In [None]:
import tensorflow as tf
physical_devices = tf.config.experimental.list_physical_devices('GPU')
assert len(physical_devices) > 0, "Not enough GPU hardware devices available"
config = tf.config.experimental.set_memory_growth(physical_devices[0], True)

# Fully Custom Networks with TensorFlow and Proximal Policy Oprimization (PPO)

In this tutorial you will learn how to configure you own custon neural network in the most versatile way allowed. You may need to know some TensorFlow to be able to do an extension of one of our neural models and create your own computation graph. 

We use for this example the Proximal Policy Optimization (PPO) agent.

By the end of this notebook you will know how to extend a PPO network model and make modifications to it, create your own customized tensorboard summaries, change the optimizer, set your prefered loss function, set your prefered metric, define you own and fully customizable neural network and even creating your own custom train step appliying foward pass and backpropagation.

In [None]:
import tensorflow as tf
from RL_Problem import rl_problem
from RL_Agent import ppo_agent_discrete
from tensorflow.keras.models import Sequential
from tensorflow.keras.layers import Dense, LSTM, Input
from RL_Agent.base.utils import agent_saver, history_utils
from RL_Agent.base.utils.networks.agent_networks import PPONet, TrainingHistory
from RL_Agent.base.utils.networks import networks, losses, returns_calculations

import gym


## Create a Custom Network Model with TensorFlow

To create your own neural network It must extent the "RLNetInterfaz" from RL_Agent.base.utils.networks.networks_interface.py. This interfaz contains the minimun and mandatory parameter and funtions that a network need to work within the library. In RL_Agent.base.utils.networks.networks_interface.py we also have the "RLNetModel" class which extend "RLNetInterfaz" and contains some implementation of common functionalities, so create your nerwork extending from "RLNetModel" will be easier than extending from the interfaz.

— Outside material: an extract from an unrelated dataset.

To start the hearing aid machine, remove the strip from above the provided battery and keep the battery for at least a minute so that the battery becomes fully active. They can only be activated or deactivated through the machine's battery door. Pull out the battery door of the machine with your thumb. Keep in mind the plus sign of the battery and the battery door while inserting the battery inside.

In this tutorial we are going to extend the "PPONet" from "RL_Agent.utils.network.agent_networks.py" which already extend "RLNetModel" and cotains all the funtionalities that PPO needs. We recomend to extend from the classes implemented in "RL_Agent.utils.network.agent_networks.py" if you plan to use a default RL agent from this library and extend from "RLNetModel" if you pretend to make a deep modification of an agent or implementing a new one.

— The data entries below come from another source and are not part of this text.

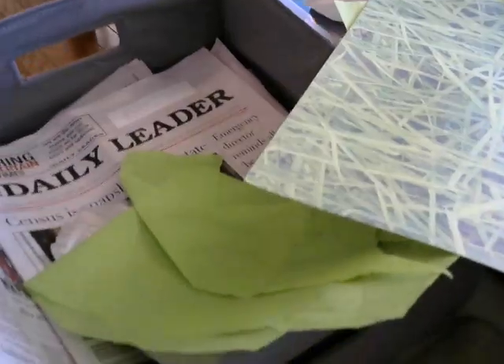I also have decorative scrapbooking paper — see the leaves? Some of your moms might be into scrapbooking; if they do, that's a great paper to use. You're definitely going to need scissors as well, along with markers, pencils, pens, whatever you have.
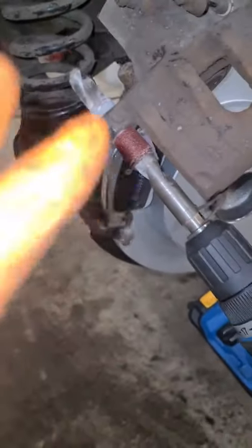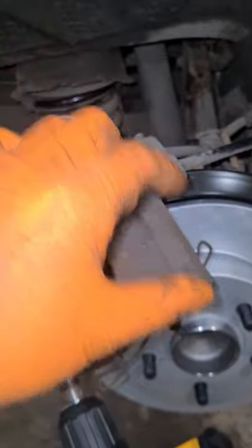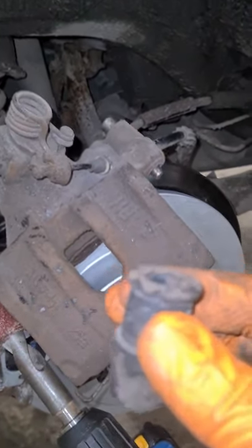Something people always forget to do is when they're doing brakes. It's all well and good taking the pin out, greasing it and putting it back, but that's not really doing it properly. Take out the rubber, because what happens is rust jacketing behind the rubber squeezes on it and seizes the pin.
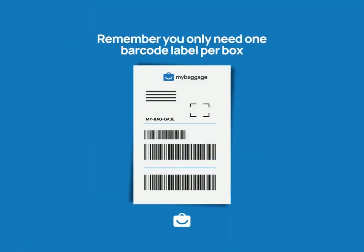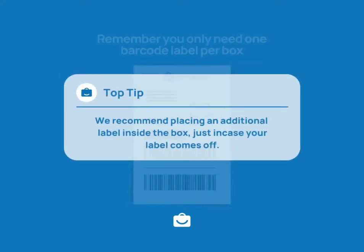Remember you only need one barcode label per box. We recommend placing an additional label inside the box, just in case your label comes off. For more information, visit mybaggage.com.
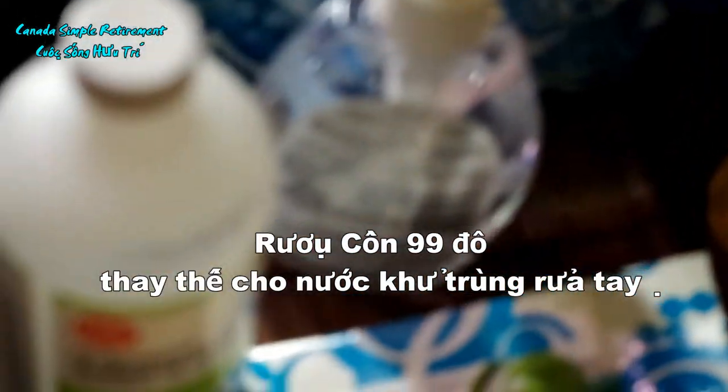Nếu các bạn không có cái loại này để rửa tay, thì các bạn có thể dùng cái cổ nè, 99% đó, để rửa tay cũng được. Hay là xúc vụ cái khăn, mình dùng cái khăn đó mình vặt với cái dầu, với cái loại dầu cầu nè.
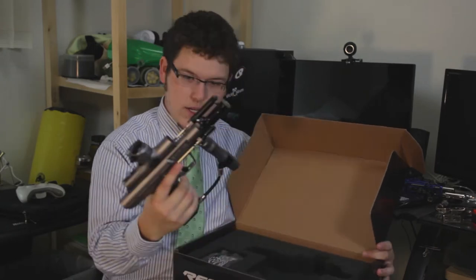So there we are — the magic right there. Beautiful gun. Let's take a look.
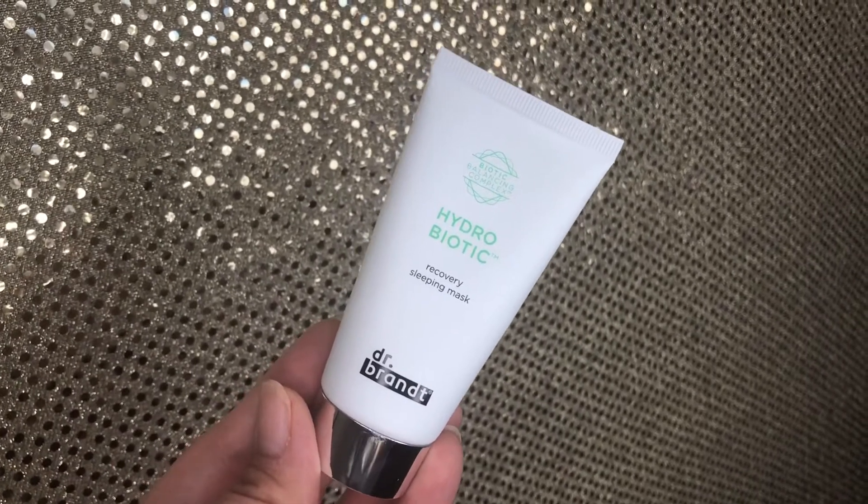Last but not least is from Dr. Brandt — it's the Recovering Sleeping Mask. It says it deeply hydrates and moisturizes to reduce redness and signs of irritation. I do get redness in my cheek area so I'm definitely excited to try this. I've tried other Dr. Brandt items before and have been really happy with their skincare. It retails for $52, which is expensive for the amount you get. It says it's a hydrating recovering sleeping mask that balances skin's naturally occurring flora and locks in moisture overnight to reduce redness and soothe signs of irritation. It smells minty.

### Modification to PPONet

Here we explain the modification that we are going to make to the default PPO network.

#### Tensorboar Summaries

We want to change the information recorded with tensorboard, so we need to reimplement our own funtions to write the summaries and assing they to the functions from the class:
* self.loss_sumaries: Write information related to the loss caculation.
* self.rl_loss_sumaries: Write information related to auxiliar data used in loss and metrics calculation.
* self.rl_sumaries: Write information related to the RL process like reward over epochs or epsilon values over epochs.

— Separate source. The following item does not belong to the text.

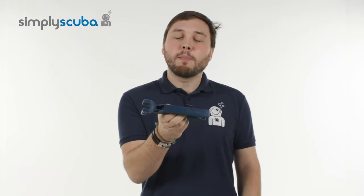Hi, welcome to Simply Scuba. Here are the Lockline pliers, and these are suitable for the half-inch Lockline Connect system. Let's take a closer look at how they work.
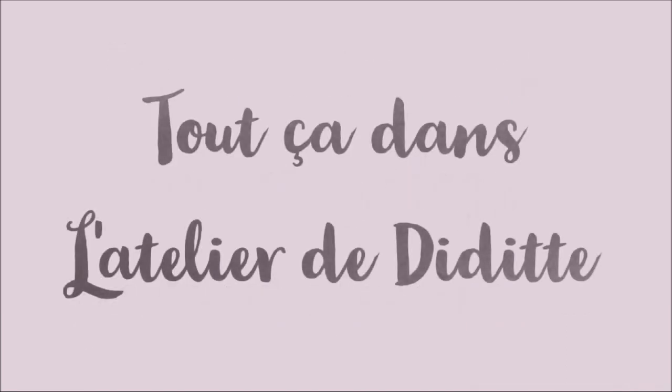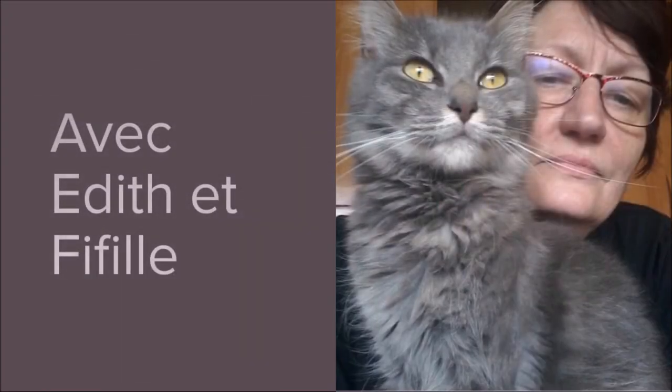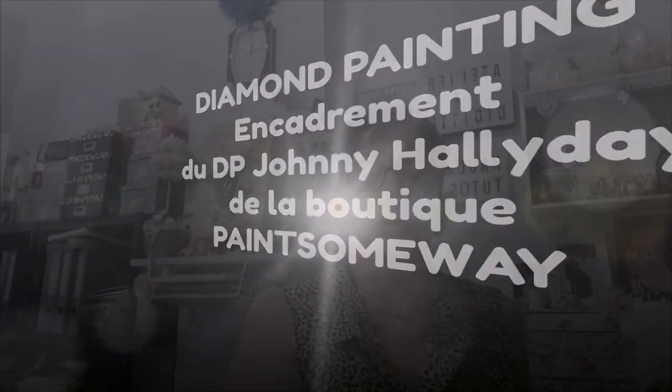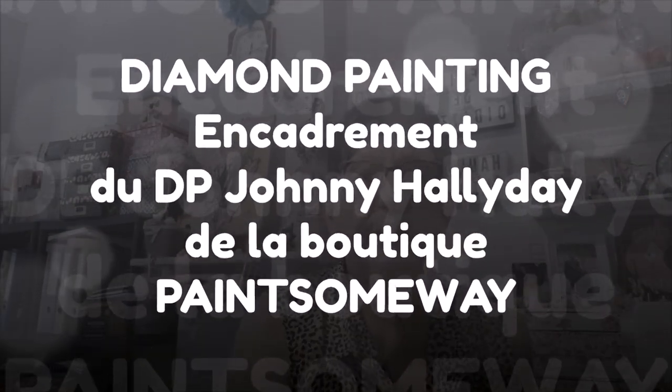Bonjour tout le monde, on se retrouve aujourd'hui pour une nouvelle vidéo. Ça y est, j'ai encadré Johnny — j'ai fait l'encadrement de Johnny Hallyday.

These three functions have their default implementation in "RL_Agent.utils.network.tensor_board_loss_functions.py"
and receives as inputs:

* data: List of values to write in the summary.
* names: List of sumary names for each value contained in data.
* step: Current step of the training process. We usually use the episodes



In [None]:
def custom_loss_sumaries(data, names, step):
    if isinstance(data, list):
        with tf.name_scope('Losses'):
            for d, n in zip(data, names):
                tf.summary.scalar(n, d, step=step)

def custom_rl_loss_sumaries(data, names, step):
    with tf.name_scope('RL_Values'):
        for d, n in zip(data, names):
            with tf.name_scope(n):
                tf.summary.histogram('histogram', d, step=step)
                tf.summary.scalar('mean', tf.reduce_mean(d), step=step)
                tf.summary.scalar('std', tf.math.reduce_std(d), step=step)
                tf.summary.scalar('max', tf.reduce_max(d), step=step)
                tf.summary.scalar('min', tf.reduce_min(d), step=step)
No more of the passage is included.